Your quote says Nobel Memorial Prize or what am I missing?
In a piece about life and death, about the will to live a full life, you choose pettiness.
> But some media just want to manipulate its readers.
Obviously not bluewin.ch
Now this is hilariously non-ironic.
The guy who spent his life researching how to live rationally chooses suicide at age 90, upon seeing “increasing metal lapses”, presumably in order to not ever live irrationally.
> Now this is ironic.
Ironic is the opposite of what you mean, don't you think? By your explanation, Kahneman acted according to his life's work.

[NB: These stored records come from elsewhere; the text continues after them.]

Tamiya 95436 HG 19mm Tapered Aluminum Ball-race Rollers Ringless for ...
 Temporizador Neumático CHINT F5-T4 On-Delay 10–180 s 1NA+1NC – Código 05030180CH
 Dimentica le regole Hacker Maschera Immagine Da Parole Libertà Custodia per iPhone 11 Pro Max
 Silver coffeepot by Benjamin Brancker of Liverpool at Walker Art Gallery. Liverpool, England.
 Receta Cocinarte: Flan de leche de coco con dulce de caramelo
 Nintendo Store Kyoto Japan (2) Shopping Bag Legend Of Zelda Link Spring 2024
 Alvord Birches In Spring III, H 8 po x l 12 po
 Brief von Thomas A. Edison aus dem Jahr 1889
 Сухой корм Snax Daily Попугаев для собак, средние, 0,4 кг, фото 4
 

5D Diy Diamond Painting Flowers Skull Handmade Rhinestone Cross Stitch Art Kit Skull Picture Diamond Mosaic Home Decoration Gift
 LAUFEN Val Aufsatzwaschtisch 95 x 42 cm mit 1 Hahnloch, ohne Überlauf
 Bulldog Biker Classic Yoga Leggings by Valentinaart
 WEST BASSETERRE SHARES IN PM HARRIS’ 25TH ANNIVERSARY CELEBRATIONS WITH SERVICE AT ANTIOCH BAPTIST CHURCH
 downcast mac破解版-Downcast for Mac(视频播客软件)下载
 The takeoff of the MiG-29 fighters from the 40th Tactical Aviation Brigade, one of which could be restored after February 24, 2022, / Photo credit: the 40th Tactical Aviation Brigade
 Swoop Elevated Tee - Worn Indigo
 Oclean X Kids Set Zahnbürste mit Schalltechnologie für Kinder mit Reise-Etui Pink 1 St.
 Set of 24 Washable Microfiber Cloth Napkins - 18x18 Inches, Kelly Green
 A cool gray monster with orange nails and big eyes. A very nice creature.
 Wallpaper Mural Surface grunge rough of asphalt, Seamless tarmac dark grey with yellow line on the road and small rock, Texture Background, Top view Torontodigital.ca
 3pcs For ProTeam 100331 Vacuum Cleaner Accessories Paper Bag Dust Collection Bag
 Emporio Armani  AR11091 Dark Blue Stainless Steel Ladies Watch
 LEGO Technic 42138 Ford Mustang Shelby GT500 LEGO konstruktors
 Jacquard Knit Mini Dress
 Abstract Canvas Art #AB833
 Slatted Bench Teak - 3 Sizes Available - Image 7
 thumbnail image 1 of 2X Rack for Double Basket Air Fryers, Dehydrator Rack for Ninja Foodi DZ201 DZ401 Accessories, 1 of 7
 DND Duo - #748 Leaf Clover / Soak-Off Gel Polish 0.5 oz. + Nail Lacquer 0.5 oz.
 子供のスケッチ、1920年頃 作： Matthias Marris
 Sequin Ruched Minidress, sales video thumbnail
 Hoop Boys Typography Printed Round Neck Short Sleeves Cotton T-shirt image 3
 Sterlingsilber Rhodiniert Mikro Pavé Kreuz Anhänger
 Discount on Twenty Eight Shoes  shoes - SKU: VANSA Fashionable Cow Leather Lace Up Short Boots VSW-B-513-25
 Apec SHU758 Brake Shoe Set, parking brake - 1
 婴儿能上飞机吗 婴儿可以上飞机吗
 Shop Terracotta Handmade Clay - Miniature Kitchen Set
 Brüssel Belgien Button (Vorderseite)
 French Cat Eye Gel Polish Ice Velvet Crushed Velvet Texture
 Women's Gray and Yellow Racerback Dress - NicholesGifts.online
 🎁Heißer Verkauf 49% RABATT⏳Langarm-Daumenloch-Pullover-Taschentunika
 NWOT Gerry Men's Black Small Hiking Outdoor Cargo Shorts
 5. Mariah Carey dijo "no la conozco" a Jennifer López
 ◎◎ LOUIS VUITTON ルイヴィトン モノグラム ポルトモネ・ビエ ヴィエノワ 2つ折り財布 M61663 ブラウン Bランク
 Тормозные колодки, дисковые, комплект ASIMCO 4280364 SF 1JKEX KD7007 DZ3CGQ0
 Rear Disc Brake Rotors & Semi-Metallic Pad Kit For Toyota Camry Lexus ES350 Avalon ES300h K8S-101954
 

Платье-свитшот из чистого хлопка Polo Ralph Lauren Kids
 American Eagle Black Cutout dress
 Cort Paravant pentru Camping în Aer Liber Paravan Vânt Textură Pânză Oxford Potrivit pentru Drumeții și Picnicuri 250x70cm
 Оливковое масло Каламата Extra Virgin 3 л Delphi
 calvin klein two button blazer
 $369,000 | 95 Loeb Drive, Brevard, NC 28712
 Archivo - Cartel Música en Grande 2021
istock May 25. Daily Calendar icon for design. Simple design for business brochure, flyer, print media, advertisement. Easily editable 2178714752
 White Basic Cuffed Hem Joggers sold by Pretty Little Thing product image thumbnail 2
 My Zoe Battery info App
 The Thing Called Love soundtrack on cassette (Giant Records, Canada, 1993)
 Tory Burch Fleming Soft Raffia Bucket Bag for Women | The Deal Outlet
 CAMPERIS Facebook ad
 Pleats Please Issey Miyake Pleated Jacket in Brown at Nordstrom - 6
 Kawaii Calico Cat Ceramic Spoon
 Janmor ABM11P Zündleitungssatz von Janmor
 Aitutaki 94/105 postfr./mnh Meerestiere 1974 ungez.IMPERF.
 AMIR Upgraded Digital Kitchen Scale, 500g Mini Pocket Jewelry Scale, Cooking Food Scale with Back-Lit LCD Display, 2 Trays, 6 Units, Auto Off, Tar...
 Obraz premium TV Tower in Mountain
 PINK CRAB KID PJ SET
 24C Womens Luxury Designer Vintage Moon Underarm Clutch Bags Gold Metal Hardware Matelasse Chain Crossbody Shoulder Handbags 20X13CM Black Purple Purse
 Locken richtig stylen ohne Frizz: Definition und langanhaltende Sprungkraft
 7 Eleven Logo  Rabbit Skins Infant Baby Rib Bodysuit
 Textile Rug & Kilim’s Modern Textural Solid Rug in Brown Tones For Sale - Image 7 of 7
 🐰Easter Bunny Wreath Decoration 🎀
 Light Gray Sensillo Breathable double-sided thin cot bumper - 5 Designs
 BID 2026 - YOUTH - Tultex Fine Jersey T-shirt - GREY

> The guy who spent his life researching how to live rationally chooses suicide at age 90, upon seeing “increasing metal lapses”, presumably in order to not ever live irrationally.
That was possibly part of his motivation. But also the pain, suffering (goes broader than physical pain), confusion, and cost -- to him and his family.
Thanks, I had a mental lapse - fixed it.
I’m trying to figure out why this feels so unsettling to me. I can understand wanting to end one’s life because of unbearable pain or illness, but something about this just feels wrong.
It's not unsettling for me, but I have a similar feeling. On the other hand, maybe he did have a medical issue, just chose not to disclose it. In any case it is his choice, as is the wish not to discuss it. I think this will be difficult to enforce, but I will personally respect it.